## What is expected
State the number of lines in the material below that contain the word "Road", without any other text.

[Opening Data extract section]

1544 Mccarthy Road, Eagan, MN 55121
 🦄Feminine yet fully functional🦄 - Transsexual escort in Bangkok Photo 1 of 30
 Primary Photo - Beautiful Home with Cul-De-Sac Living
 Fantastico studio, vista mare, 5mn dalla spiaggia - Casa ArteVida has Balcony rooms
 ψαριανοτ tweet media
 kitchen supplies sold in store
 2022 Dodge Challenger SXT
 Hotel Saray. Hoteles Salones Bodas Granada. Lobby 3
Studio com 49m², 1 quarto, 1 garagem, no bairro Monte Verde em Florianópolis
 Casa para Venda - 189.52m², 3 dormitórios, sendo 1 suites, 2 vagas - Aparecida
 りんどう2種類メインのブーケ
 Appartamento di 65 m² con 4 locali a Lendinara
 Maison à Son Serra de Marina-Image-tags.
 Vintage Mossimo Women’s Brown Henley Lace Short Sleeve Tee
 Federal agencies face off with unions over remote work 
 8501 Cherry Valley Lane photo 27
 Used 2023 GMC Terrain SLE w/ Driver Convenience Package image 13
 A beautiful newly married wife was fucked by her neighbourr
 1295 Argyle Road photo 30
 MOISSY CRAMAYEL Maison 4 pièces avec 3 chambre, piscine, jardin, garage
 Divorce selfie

[Closing Data extract section]

## Task solution
2